Sangiovese igt 1953
Red Toscana Sangiovese igt 1953
Production area: delimited territory in the municipality of Montespertoli
Altitude above sea level: 230-250 meters Soil type: clay-loam
Planting density vines/hectare: 4200 Grape varieties: Sangiovese 100%
Vinification: The grapes are vinified separately in stainless steel, fermenting for about 15 days. Afterwards, the wine produced from these grapes is aged partly in stainless steel and partly in wood, where it remains for about 12 months. It is then bottled and aged in the bottle for 6-8 months.

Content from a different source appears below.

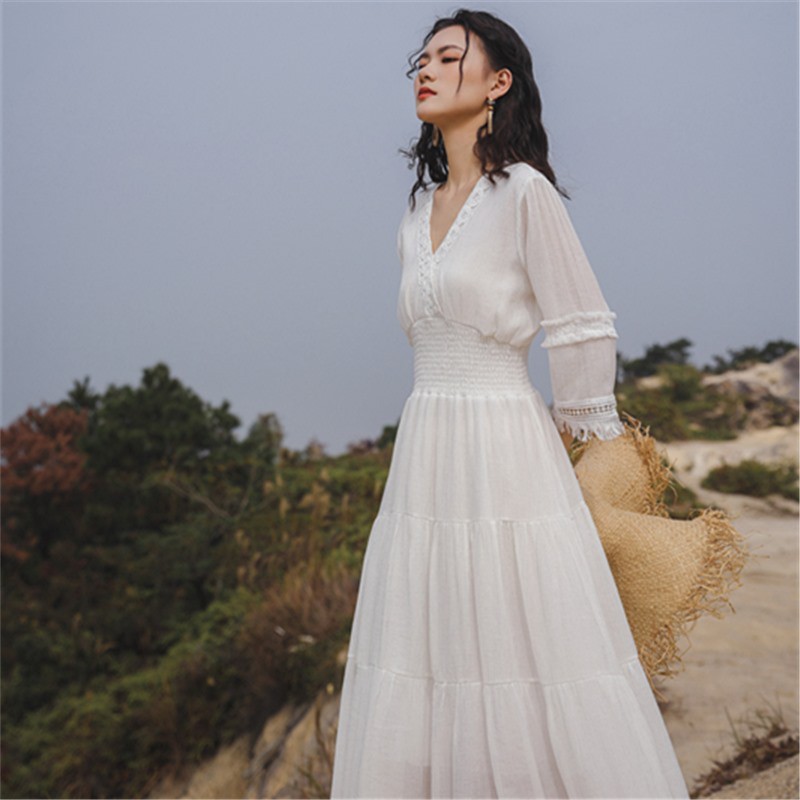 Váy Du Lịch Màu Trắng Eo Chun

Release date: the year following the harvest
Chemical characteristics: alcohol: 13.5%, total acidity: 5-5.5, pH: 3.50
Organoleptic characteristics: sight: ruby red wine tending towards garnet with aging; smell: intense, persistent, robust, winy, aromas of berries; taste: wine with personality and excellent olfactory continuity, characteristic of Sangiovese which makes it a robust and well-balanced wine. With time, it evolves into a pleasant and velvety wine.
Service temperature: 18 – 20°C. Gastronomic recommendations: it pairs well with many dishes from Italian cuisine, especially with roasts, braised meats (wild boar, deer, hare…) and aged cheeses.